3. La llegada del mundo “adulto” (d)
Desde un nuevo punto de vista (d), que comprenda los anteriores (a, b y c), los Teletubbies son un producto creado con la atención puesta en un público muy específico, que no ha desarrollado todavía un cuerpo de lenguaje coherente y que no está preparado para un encuentro con los productos audiovisuales que más tarde se le harán no sólo comprensibles, sino “naturales”: textos narrativos, con una estructura ordenada que siga tradicionalmente un esquema planteamiento-nudo-desenlace y que funcione siguiendo el nacimiento y la resolución de un conflicto, a partir de un “opening” -desde Pingu a un capítulo de Juego de Tronos-. Los Teletubbies, de hecho, preparan para la futura comprensión de estos textos, al ofrecer esquemas de patrones argumentales muy sencillos o al mostrar cómo se ligan distintos hechos, la relación misma de causa y consecuencia (que los bebés no conocen de partida), etc.
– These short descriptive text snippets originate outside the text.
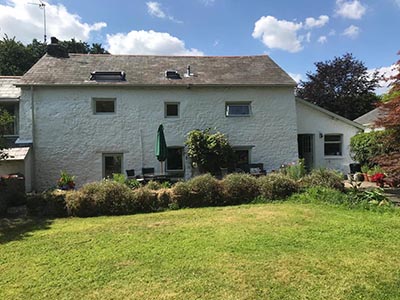 Exterior painting professionals Cardiff coutry house after renovation with mature large garden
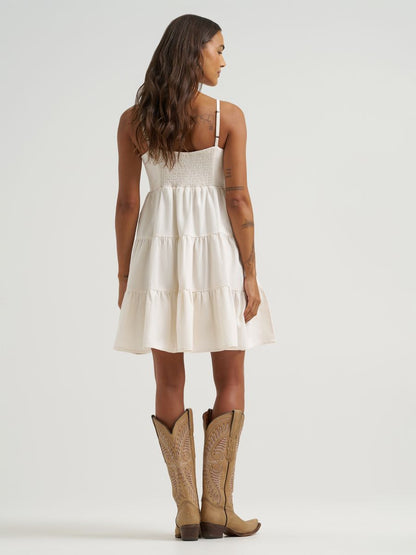 woman wearing white Wrangler dress on a white background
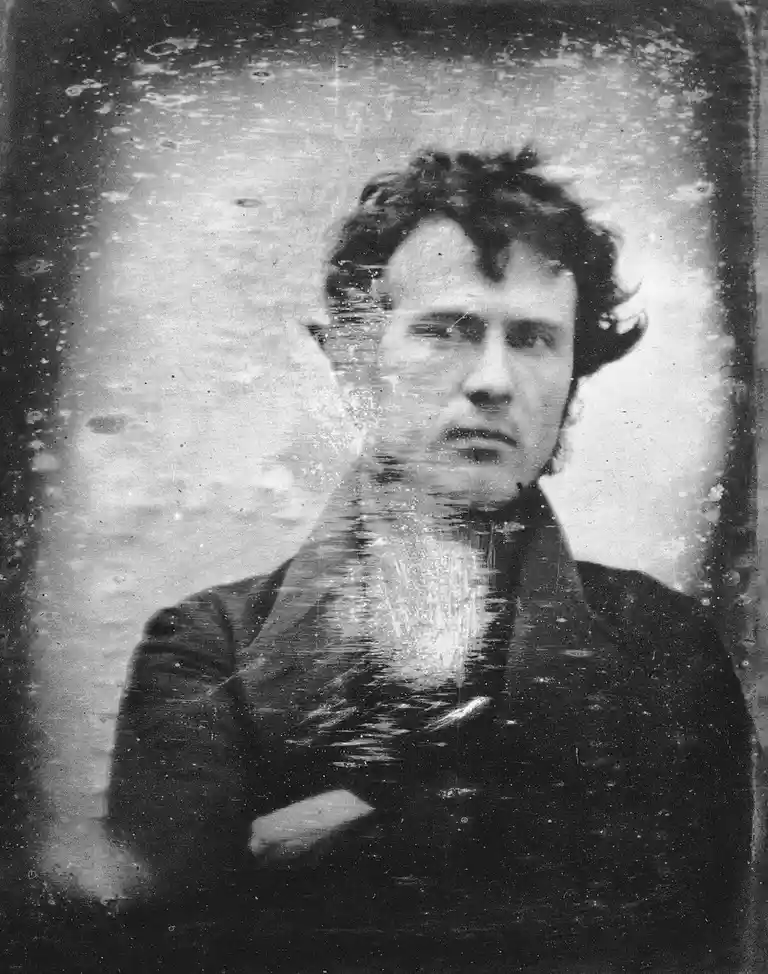 A grainy, vintage black-and-white portrait of a man with dark, curly hair and a serious expression, wearing a dark jacket…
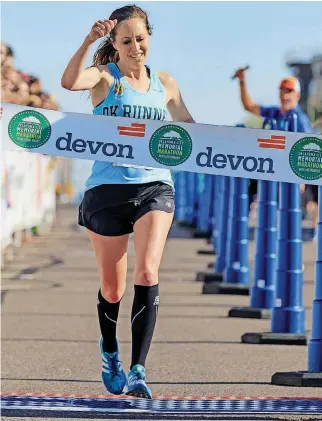  ?? [PHOTO BY CHRIS LANDSBERGE­R, THE OKLAHOMAN] ?? Kristen Radcliff of Oklahoma City crosses the finish line to win the women’s portion of the Oklahoma City Memorial Marathon on Sunday.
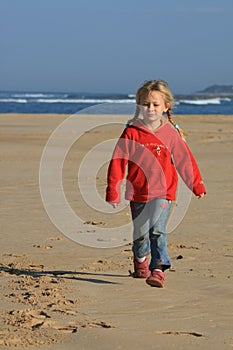 Kid walking on the beach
Todavía más importante: los Teletubbies permiten que los bebés puedan ir aprehendiendo un montón de nociones fundamentales para su vida diaria, que les servirán para su crecimiento y su comportamiento en sociedad. Por ejemplo, en un episodio los Teletubbies pueden saludar a la cámara durante 2 o 3 minutos. Esto, que sería repelente para un chico mayor -"¿por qué especie de cretino me toman"?- o risible para un adolescente -“sin comentarios”-, tiene como función enseñar a saludar, su contexto y sentido: relacionan el gesto con el sonido y tono del saludo, lo juntan con una expresión de afecto como “te quiero”, y muestran que es algo bueno, algo que hace reír y sentir bien.
Y tan interesante es ver qué aparece en los Teletubbies como fijarse en lo que no sale: en sus personalidades no aparecen definidas la maldad o el engaño, el “género” ni el sexo (son absurdas las interpretaciones que leen a TinkyWinky como un ser homosexual, cuya pretensión sea influir a los bebés; ¡la distinción y particularización del deseo sexual, de la identidad de género, todavía no se han realizado a esa edad! De ningún modo un niño podría entender eso, que queda por encima de su umbral de desarrollo, y por lo tanto no tendría sentido planteárselo). A partir de esta serie podemos atisbar el mundo previo al pecado original que, de alguna manera, ha identificado tradicionalmente el punto de partida del ser humano; estamos, por el contrario, en un mundo en creación, en proceso de humanización, en el cual están naciendo, con el lenguaje, los actos, las prácticas.
Los Teletubbies, así, hacen comprender de forma precisa, con multitud de ejemplos muy claros, cómo se comienzan a formar (por apropiación dentro de un contexto cultural específico; lo que se ha llamado "simpracticidad") el lenguaje y el pensamiento humanos en estos primeros años críticos; podemos encontrar en uno solo de sus episodios, pues, lo que normalmente pediríamos a sesudos artículos o a extensos libros de pedagogía. Y, más allá de eso, los Teletubbies también nos ayudan a atisbar aspectos esenciales del Arte, su siempre posible apertura significativa a lo largo del paso del tiempo: cómo toda obra, su interés y validez, puede “nacer, “morir” y “renacer” con el avance de las experiencias de quien mira y oye.